In a recent announcement, US President Joe Biden unveiled a plan to exclude four African nations – Uganda, Gabon, Niger, and the Central African Republic (CAR) – from the African Growth and Opportunity Act (Agoa), a special trade program designed to provide duty-free access to the US market for more than 1,800 products from eligible sub-Saharan African countries.
The decision to expel these countries from Agoa stems from concerns about human rights violations and their failure to make progress towards democratic governance. Specifically, President Biden cited reasons for each country’s removal.
Niger and Gabon, both currently under military rule following coups earlier in the year, are considered ineligible for Agoa due to their inability to establish or continuously advance political pluralism and the rule of law.
The expulsion of the Central African Republic and Uganda from the Agoa program is linked to the gross violations of internationally recognized human rights committed by their respective governments.
Notably, Uganda faced global criticism for passing a highly controversial anti-homosexuality law, which includes the death penalty for certain same-sex acts.
This decision is set to have economic ramifications for these nations, as Agoa has been instrumental in promoting exports, economic growth, and job creation.
The impact varies across these countries, with CAR having minimal recorded US exports in 2022, while Uganda, Gabon, and Niger have more substantial trade ties with the US.

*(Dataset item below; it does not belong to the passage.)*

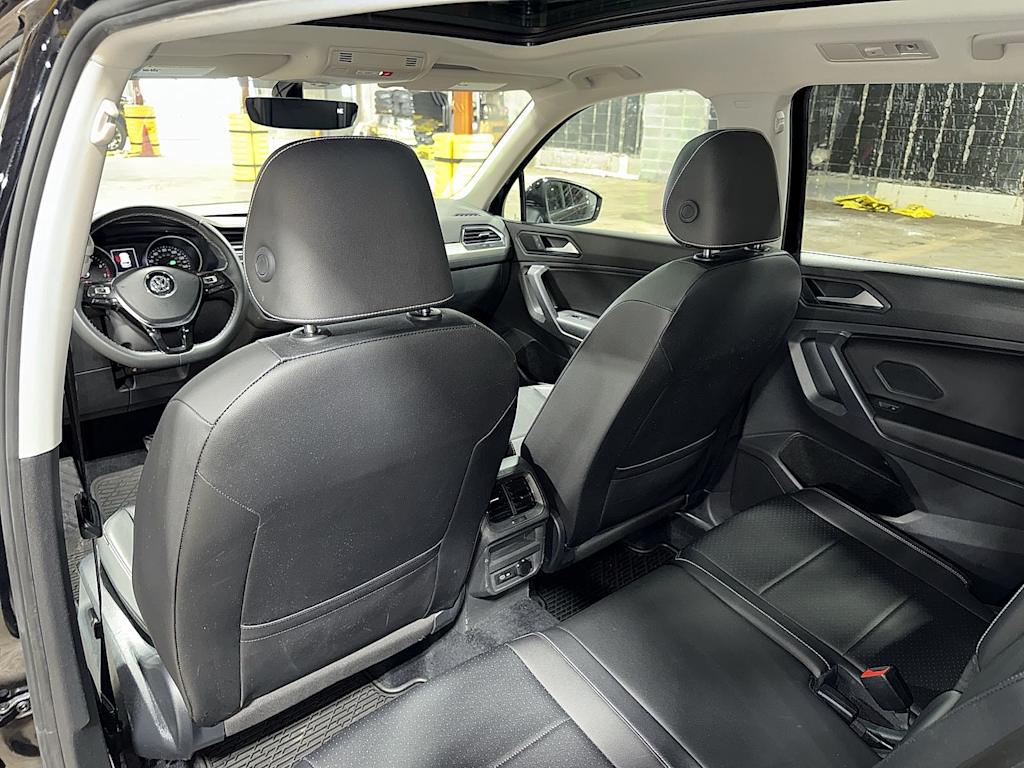 Thumbnail: 2021 Volkswagen Tiguan - 32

In fact, Ugandan President Yoweri Museveni revealed that several American companies had already ceased importing textiles from Uganda due to the anti-homosexuality law.
Additionally, Museveni implemented a ban on the importation of second-hand clothes, which is seen as targeting the US, a major supplier of used garments to Uganda and other African nations.
Furthermore, the US government has taken other measures against these countries, such as suspending foreign aid to Gabon and Niger in response to their transitional governments’ lack of democratic rule.
This isn’t the first time Agoa has been used as a diplomatic tool, as Burkina Faso, Mali, and Guinea were previously expelled from the program following military coups in those nations.